Facebook’s current stance on forged and fake content is pretty lenient. But, recently a very convincing deepfake video of Mark Zuckerberg hit the web, and now that leniency stands to change.

Hopefully, that is.   

Earlier this year a similar fake video of Nancy Pelosi surfaced on the internet. In it, Pelosi is seen slurring her words, speaking as though she’d been hitting the bottle like a punching bag. The clip quickly went viral, (thanks in large part to Donald Trump and Rudy Giuliani) spreading like wildfire among conservative groups and individuals, across platforms and different social media outlets. It seemed as though Pelosi was in big trouble.

The video, of course, was faked. It had been slowed down and altered slightly to give the impression that Pelosi was sloshed during her television interview. It’s another one of the new “deepfake” videos that is blurring the lines between truth and lies, fact and fiction. As our technology gets better, so too does our ability to twist reality and spread mis-information. These deepfake videos are just the beginning of a strange and likely painfully confusing epoch of misrepresentation and outright lies.

Youtube removed the Pelosi video, saying that it violated its policies on “deceptive content.”

Facebook, however, did not. Instead they merely deprioritized the faked clip, tagged it as “false” and left it online for the world to see and share. Facebook’s director of public policy said, at the time, that if someone were to post a deepfake video of Mark Zuckerberg to Facebook, it, just like Pelosi’s, would have to stay up.

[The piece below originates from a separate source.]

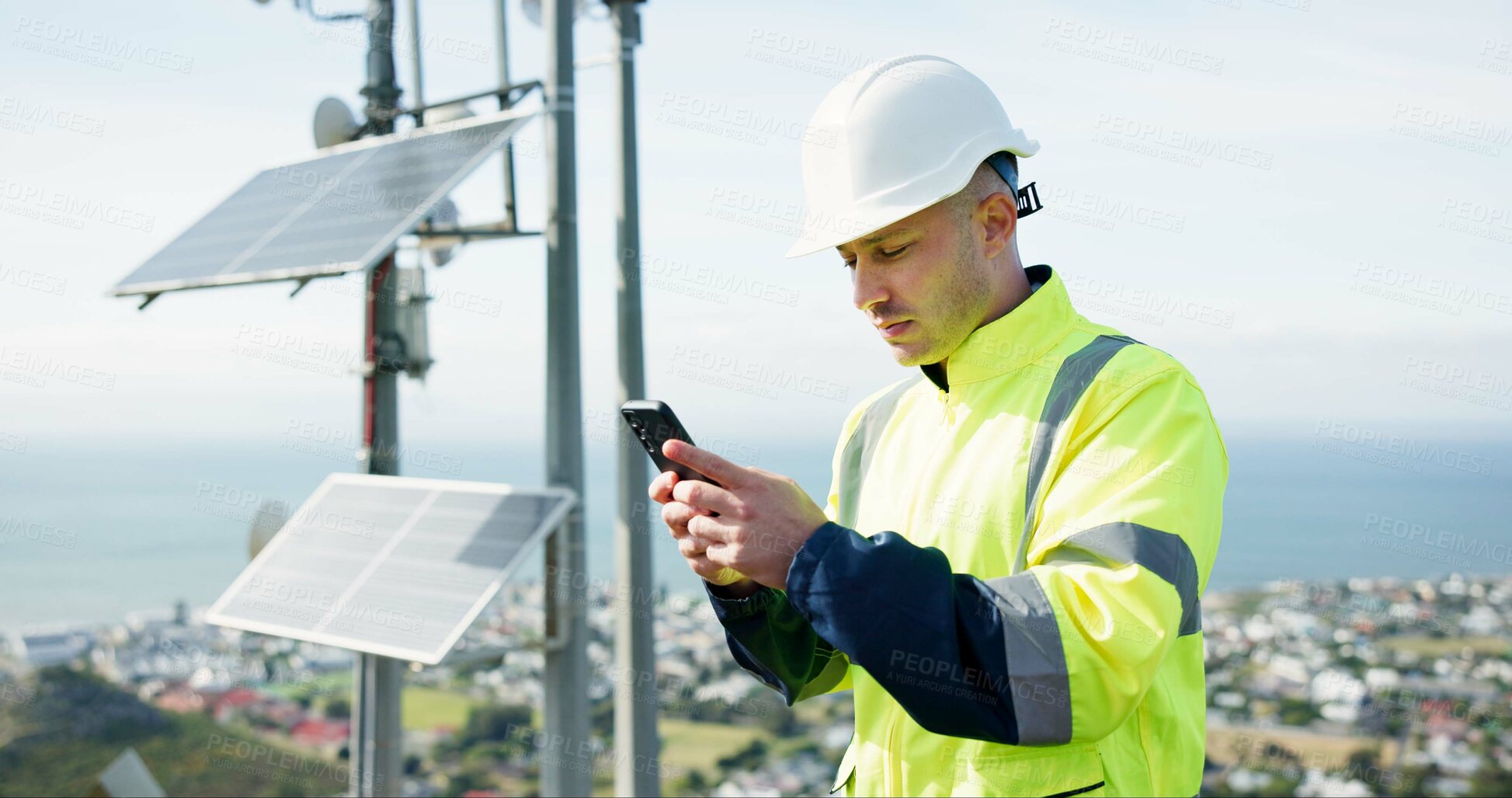 Buy stock photo Man, phone and engineer for social media, research or alternative energy and maintenance or inspection on rooftop. Person, contractor or technician on mobile smartphone for communication in city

Not surprisingly, that bold statement was like a challenge to the deepfake geniuses at CannyAI.  And not long afterwards we got this clip:

 
 
 
 
 
 
 
 
 
 
 
 
 

‘Imagine this…’ (2019) Mark Zuckerberg reveals the truth about Facebook and who really owns the future… see more @sheffdocfest VDR technology by @cannyai #spectreknows #privacy #democracy #surveillancecapitalism #dataism #deepfake #deepfakes #contemporaryartwork #digitalart #generativeart #newmediaart #codeart

A post shared by Bill Posters (@bill_posters_uk) on

"Imagine this for a second: One man, with total control of billions of people's stolen data, all their secrets, their lives, their futures," the deepfake Zuckerberg says in the video. "I owe it all to Spectre. Spectre showed me that whoever controls the data, controls the future."

Creepy stuff.

Now, while the voice actor’s Zuckerberg impression in the video isn’t exactly academy award winning acting, there is voice editing software out there that makes it totally possible to use someone’s actual voice, by splicing real audio clips of them from real content. Check out this Joe Rogan deepfake, which highlights the potential for this kind of voice forgery:

And, anyway, the deepfaked Zuck video is close enough to get the point across: unless we establish some very clear rules and regulations regarding deepfake content (and fast) no one is safe. Every public figure, every individual who has content online somewhere, is at risk of having their likeness hijacked and having their mouth stuffed full a stranger’s words.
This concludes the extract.